Seems to me to be an undesirable trait.
The worst thing about undesirable traits, though, is when you recognise them in others (in this case, a fictional character), make efforts not to let them manifest in your own behaviour, then later catch yourself doing them:
I had the opportunity to enter a travel writing competition recently. It came to my attention in November, and the deadline was yesterday (31st January). Writing, and specifically travel writing, are interests of mine - to the point of having been considered as 'career' options in the future. Yet despite this, despite writing two separate plans, formulating a basic structure and fleshing out with photographs to support the planned text, I managed to have only a thousand words (out of five thousand) written on the night before the deadline, and managed to persuade myself to postpone the submission of my entry until this time next year.
The issue here is twofold; firstly, there was ample time between November and the end of January to write the piece.
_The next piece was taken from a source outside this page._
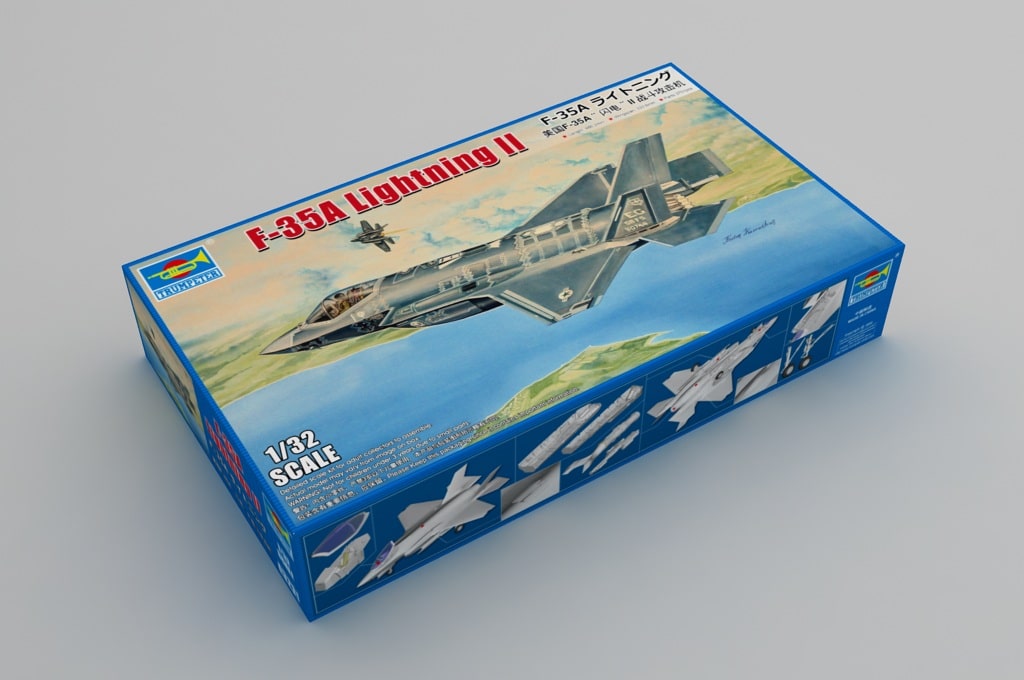 Trumpeter 132nd scale F-35A Lightning II Box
There was also time to have it proof read two or three times, make necessary changes, leave it for a few days, then read it one last time with a more removed mindset, as a final screen for errors.
But instead it didn't get done.
Secondly, that I persuaded myself it would be 'easier' not to do something important to me. This is such a pointless and irritating thought process, and it's the one I'm most keen to rid myself of. I don't know if anyone's encountered it before? An example could be knowing that you have an appointment in half an hour, and that it takes twenty minutes to get there. The ten minutes between are spent thinking about reasons not to go to the appointment, even though there is no intention in the first place not to go.
It's hard to explain, and impossible to justify. There really is no reason for it to happen, and as I said before, it's the thought process I'm keenest to rid myself of.
If anyone has ideas of how to do so it'd be interesting to discuss them!